**SUPPLIED DATA:**

══════

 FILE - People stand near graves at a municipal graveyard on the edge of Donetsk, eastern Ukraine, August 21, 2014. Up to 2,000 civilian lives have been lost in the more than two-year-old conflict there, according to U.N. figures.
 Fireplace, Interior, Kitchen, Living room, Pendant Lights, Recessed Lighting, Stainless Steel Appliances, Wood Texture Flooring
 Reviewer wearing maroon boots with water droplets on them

══════

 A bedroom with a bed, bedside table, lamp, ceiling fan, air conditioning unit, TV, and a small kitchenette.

══════

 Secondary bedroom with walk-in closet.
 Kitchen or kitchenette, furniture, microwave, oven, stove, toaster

══════

**THE TASK:** Look through the data above. Each line containing the word "bedroom" needs to be copied.

**WRITTEN RESPONSE:**
 A bedroom with a bed, bedside table, lamp, ceiling fan, air conditioning unit, TV, and a small kitchenette.
 Secondary bedroom with walk-in closet.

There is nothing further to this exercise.